TRADOC commander stresses need for investment
Army Times
By Lance M. Bacon
Staff writer
Posted : Wednesday Feb 20, 2013

FORT LAUDERDALE, Fla. — At least 20 percent of the chairs were empty when Gen. Robert Cone, commanding general of Training and Doctrine Command, kicked off the AUSA winter symposium in Fort Lauderdale this morning. There also was a notable absence of uniformed soldiers.

AUSA president retired Gen. Gordon Sullivan, in welcoming foreign militaries, noted “there are more of them than there are of us.”

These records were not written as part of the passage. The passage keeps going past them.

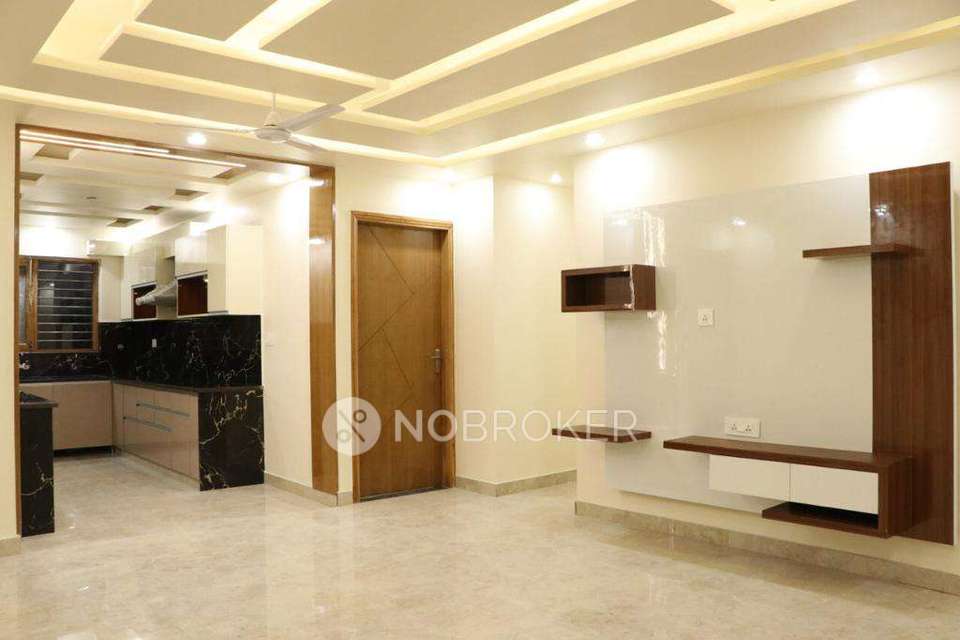 3 BHK Flat In Bptp Parkland Villas, Sector 85 for Rent  In Sector 85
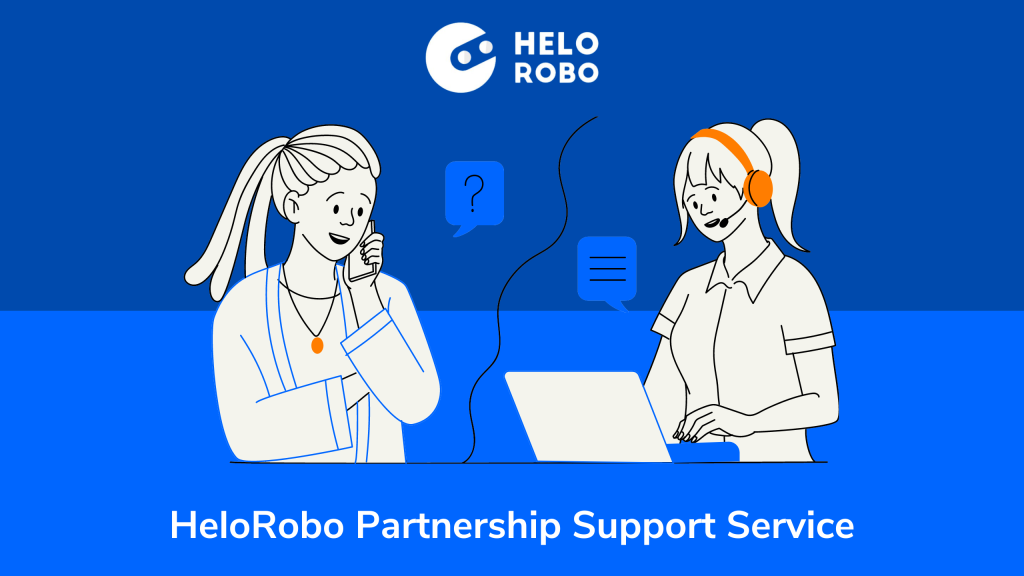 4 1024x576 - HeloRobo Partner
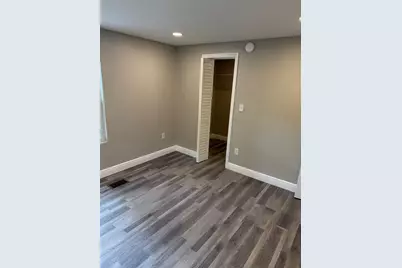22340 NE 77th Terrace Road, Citra, FL 32113 - Photo 26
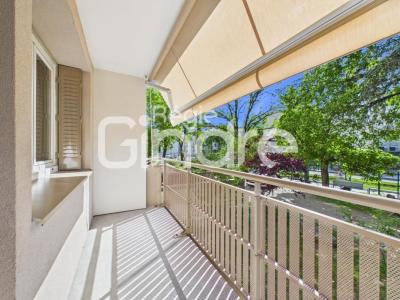 For sale Apartment VILLEURBANNE
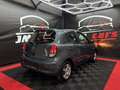 Nissan Micra Micra 1.2i Visia Gris - thumbnail 18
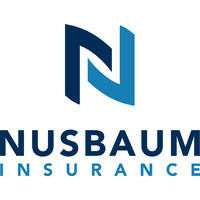 Nusbaum Insurance Logo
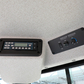 Фронтальный погрузчик XCMG XC948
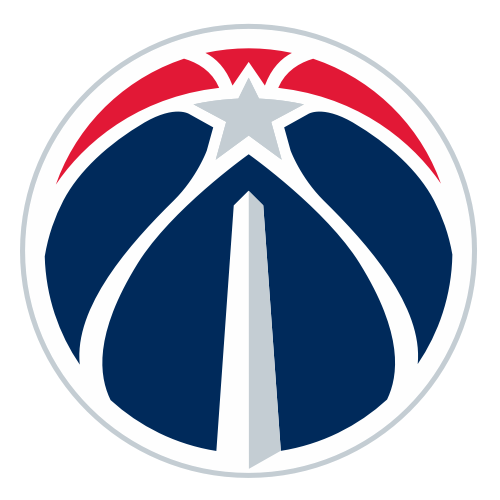 Washington Wizards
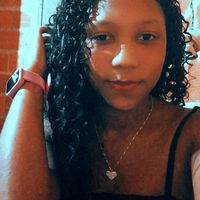 mayrarodrigues508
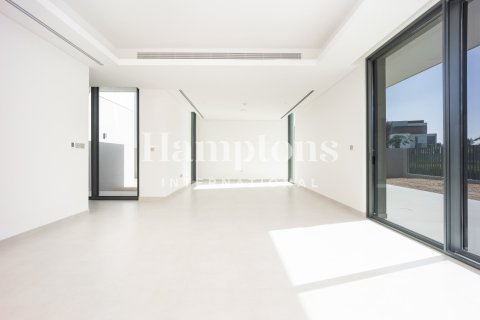 4 غرف نوم فيلا في Arabian Ranches 3, الإمارات العربية المتحدة رقم 149799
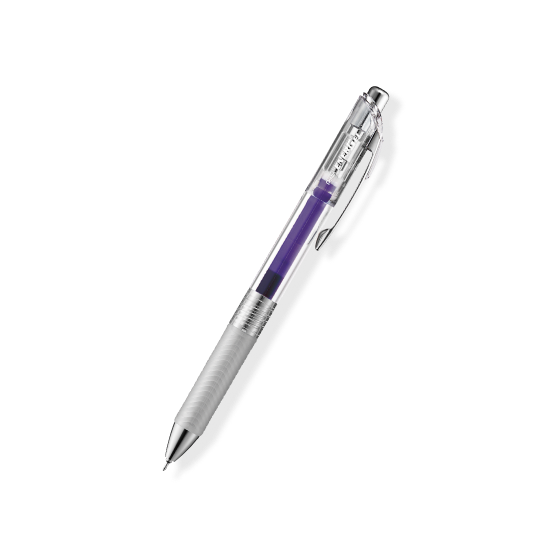 Pentel Infree EnerGel Gel Pen - 0.5mm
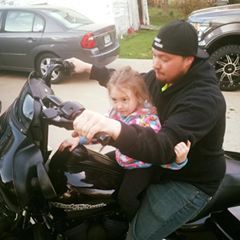 Profile Picture of Aaron Belden (@aaronbelden) on Tiktok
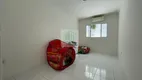 Foto 13 de Casa com 3 Quartos à venda, 185m² em Janga, Paulista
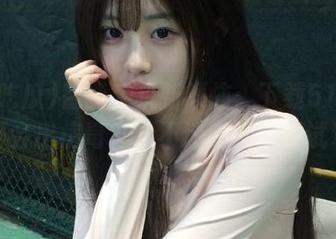 智能手机新烦恼：下载51吃瓜会不会出病毒？永不迷路的亲身试驾！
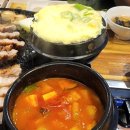 삼시세끼돈이생각날때 이미지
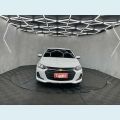 CHEVROLET ONIX LT 1.0 TURBO (AUT.) - BRANCO - 2023 Foto 2 (Miniatura)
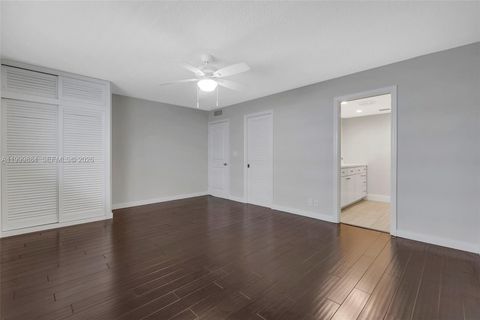 Tiny photo for 3050 NE 48th St #208, Fort Lauderdale, FL 33308 (MLS # A11999884)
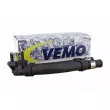 Thermostat d'eau VEMO V30-99-0205 - Visuel 2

Cone addressed “The Transition to an Army of Preparation.” His presentation did not address the fiscal uncertainty with which the Army is wrestling. The four-star mentioned the budget only once, and that was to warn that cutbacks will have “a very serious, negative impact on retention.”

But the cutbacks are more severe than that. Army Chief of Staff Gen. Raymond Odierno last week said soldiers may see Afghanistan tours extended next year because budget cuts will drastically limit training for brigades to replace them.

Roughly 80 percent of combat forces also will have significant cuts to training. Cone alluded to this with an upbeat assertion that the unspoken lack of training funds would provided the Army a chance to reassert the role of the unit commander in training with a focus on leadership skills.